In addition to being unwise, arming the Syrian opposition likely wouldn’t achieve the desired goal of overthrowing Assad. Spencer Ackerman explains: Yes, the U.S. can provide lots of hardware, from shoulder-fired anti-aircraft missiles to communications systems to armored vehicles. That military gear can prolong the conflict, preventing dictator Bashar Assad from crushing the rebels. It […]

In addition to being unwise, arming the Syrian opposition likely wouldn’t achieve the desired goal of overthrowing Assad.
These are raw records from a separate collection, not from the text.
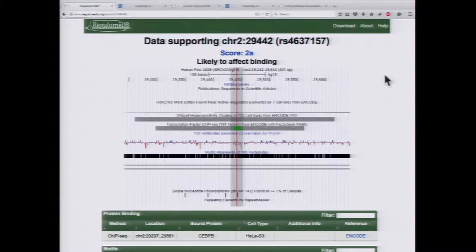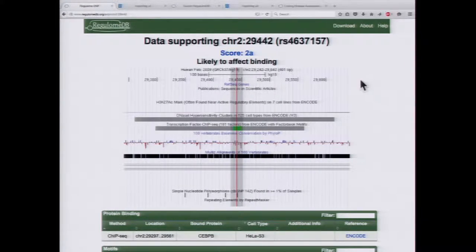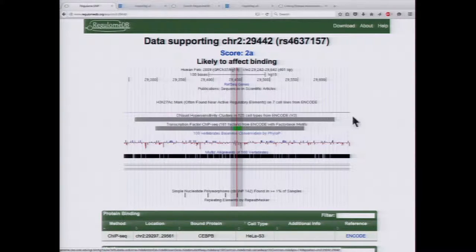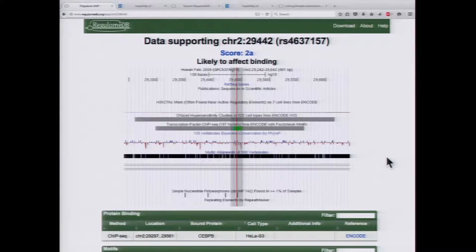When you click on one of the variants to learn more information, this one has a score of 2A, meaning it's likely to affect binding — it has every line of evidence except for being reported as an eQTL in a study. At the very top, there's a small view of the UCSC genome browser with ENCODE-related tracks: a track for DNase I hypersensitivity clusters, transcription factor binding annotated with motifs from factorbook.org, and conservation as well.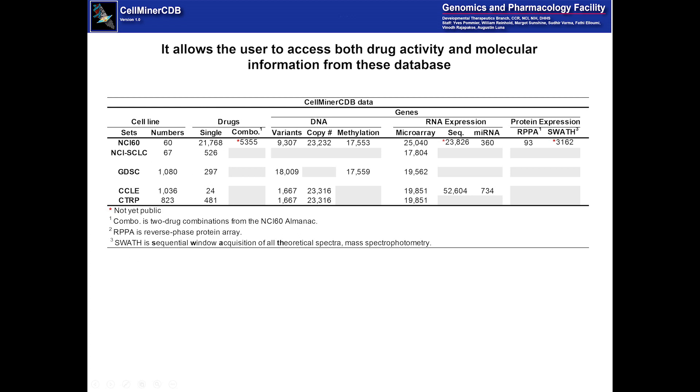It allows the user to access both drug activity and molecular information from these databases. So this is the information that's currently present. You see there's lots of molecular information for the NCI-60 and lots of drug information, many more cells for the other cell line databases.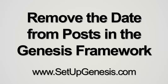Hi, this is Roger Eastlake with setupgenesis.com and in this video I'm going to demonstrate to you how to remove the date from posts in the Genesis framework.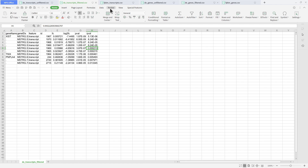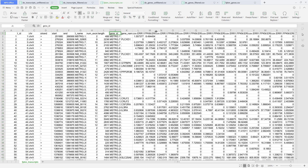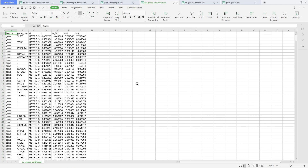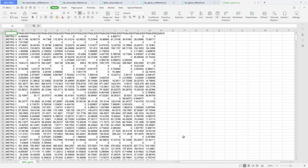We also have the filtered one here which you can check. There are also the FPKM values we generated for transcripts — here you have the IDs, the genes, and the FPKM values themselves. We also have the information for the genes: unfiltered, filtered, and then the FPKM values.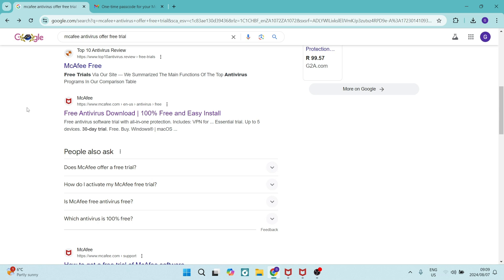Good day ladies and gentlemen, today I'm going to show you how to purchase McAfee antivirus online. So let's get into it.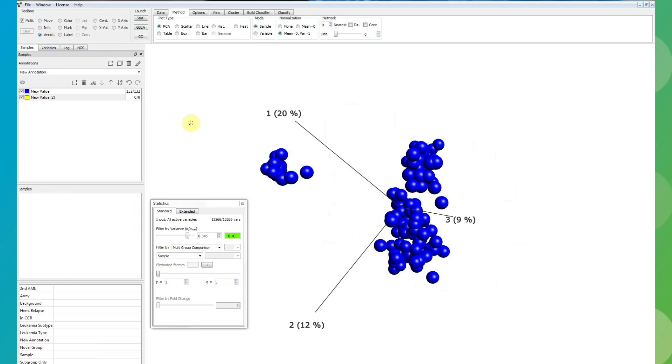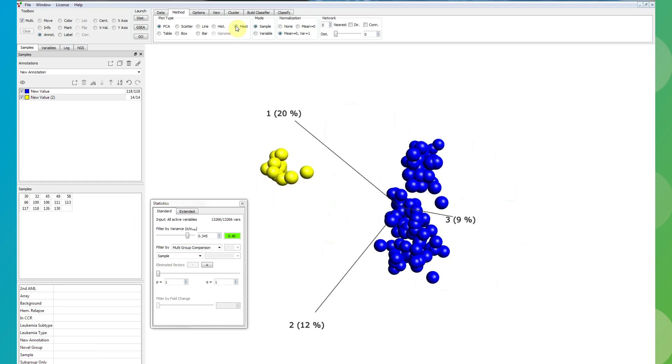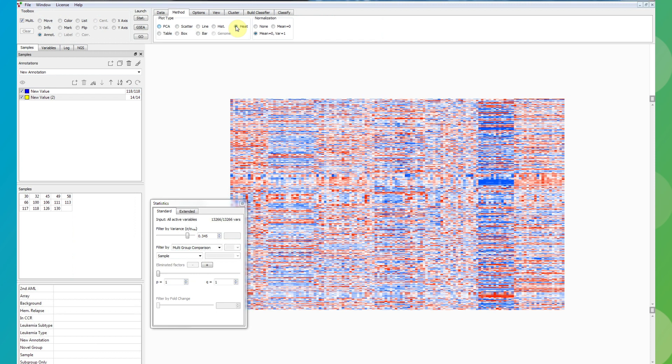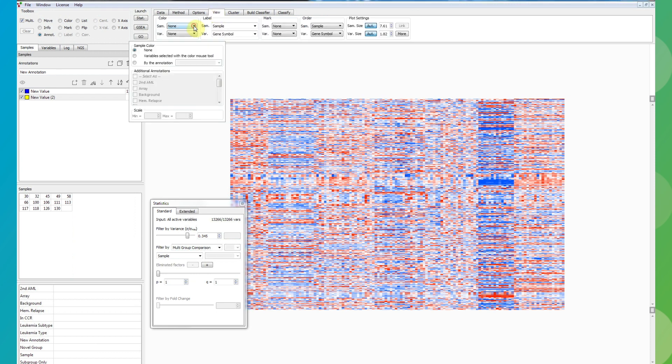Save the new groups using the annotate tool. For further investigation of the genes responsible for the grouping of the samples, you can easily switch to a heatmap and cluster on the variable side.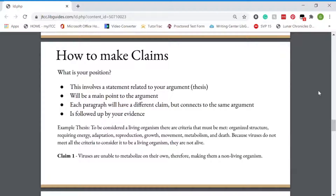How to make claims. What is your position? This involves a statement related to your thesis. It will be a main point to the argument. Each paragraph will have a different claim, but connects to the same argument. It is followed up by your evidence. Here's our example thesis: to be considered a living organism, there are criteria that must be met — organized structure, requiring energy, adaptation, reproduction, growth, movement, metabolism, and death. Because viruses do not meet all the criteria to be considered a living organism, they are not alive. An example of a claim would be: viruses are unable to metabolize on their own, therefore making them a non-living organism.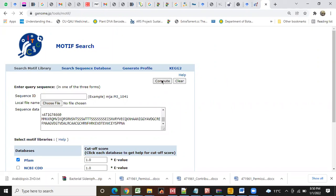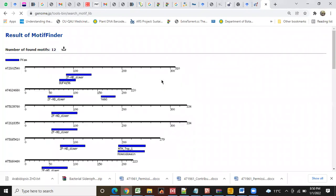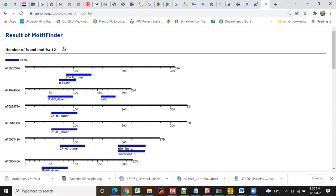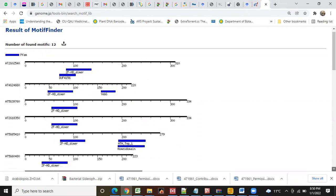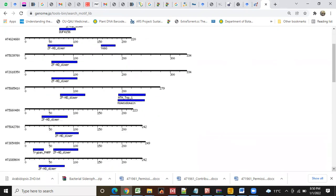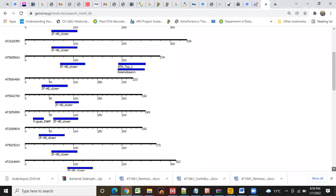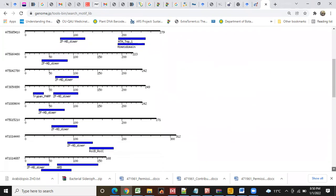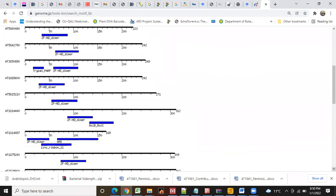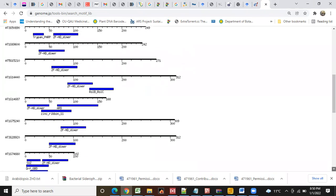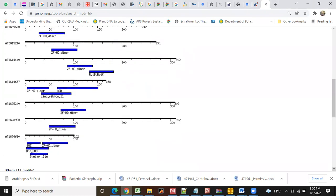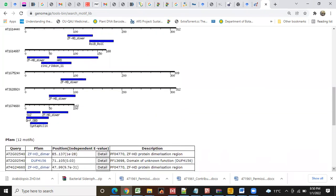I just added all these Arabidopsis sequences, so the method is to understand whether all these sequences have ZFHD domain or not. This ZFHD - zinc finger, abiotic stresses - so all these genes have ZFHD finger domain, that's great.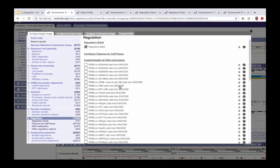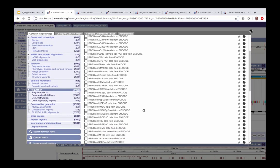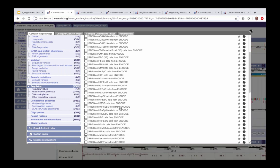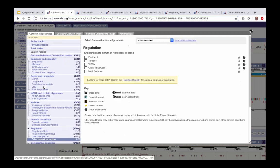There's also DNA methylation data from ENCODE — several cell types have reduced representation bisulfite sequencing (RRBS) data available. I'm going to turn on the methylation track for HeLa-S3 cells by clicking the box. From the 'Other regulatory regions' menu there are additional data types: FANTOM5, Tarbase, Vista elements, motif features, and also the CRISPR-SpCas9 track.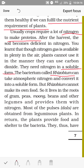Rhizobium cannot make its own food, so it lives in the roots of gram, peas, mung beans, and other legumes, and provides them with nitrogen. These plants are called leguminous plants, and most pulses are obtained from them. In return, the plants provide food and shelter to the bacteria. This is also an example of a symbiotic relationship.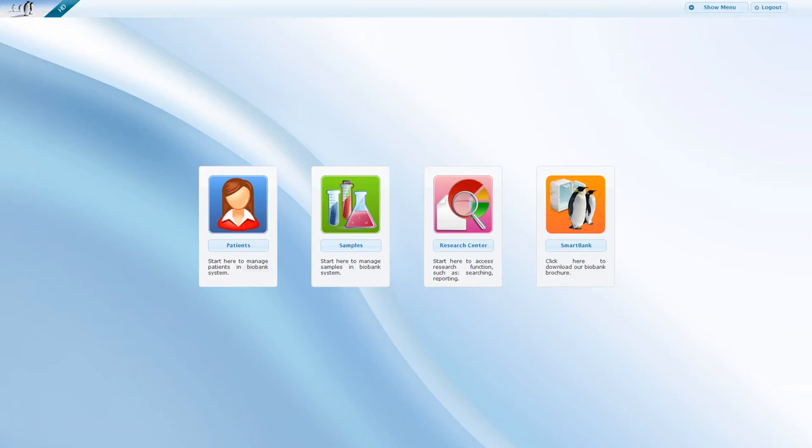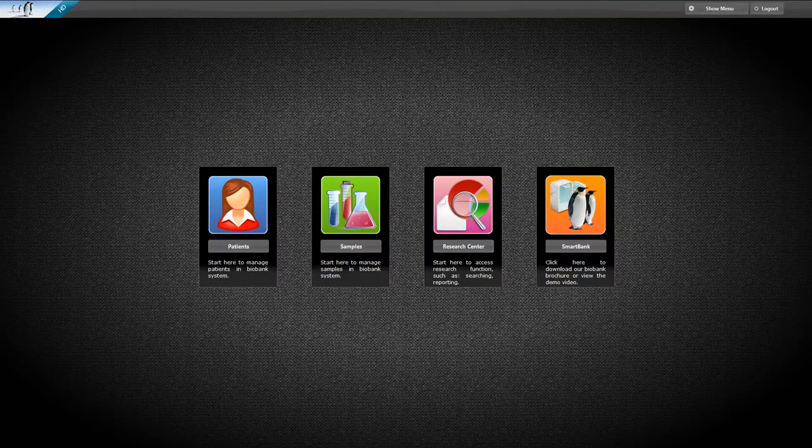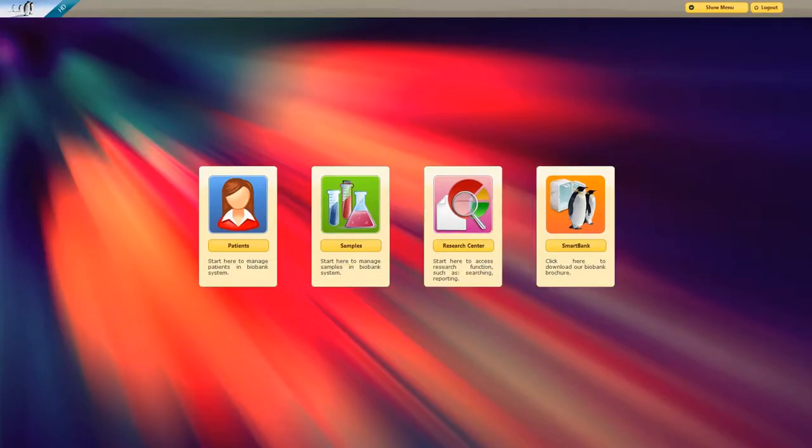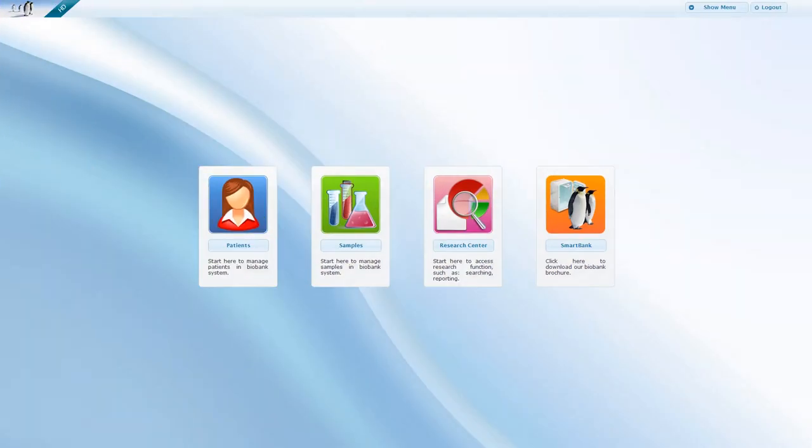Managing patients, samples, or accessing the research center. SmartBank has a customizable user interface. You can change the background or the main theme easily to better suit your taste.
Spencer Ackerman explains:

Yes, the U.S. can provide lots of hardware, from shoulder-fired anti-aircraft missiles to communications systems to armored vehicles. That military gear can prolong the conflict, preventing dictator Bashar Assad from crushing the rebels. It is unlikely to tip the balance of the war toward the rebels so they can decisively overthrow Assad.

Obama is considering a range of weaponry to the rebels, as described in the Washington Post, including surface-to-air missiles. The idea would be to ship them the weapons, bolster their war effort, and watch them topple the blood-soaked dictator — without a deeper U.S. military commitment.

Except that few strategists consider that realistic. Assad has a variety of advantages — an adaptive military estimated at over 50,000; complete air superiority; chemical weapons — that he will retain even if Obama opens a new arms pipeline. Overcoming those advantages means getting, at the least, U.S. and allied airpower involved — a step the Obama administration, and especially the military, want to avoid. Especially since it might involve shooting down Iranian planes, a fateful step [bold mine-DL].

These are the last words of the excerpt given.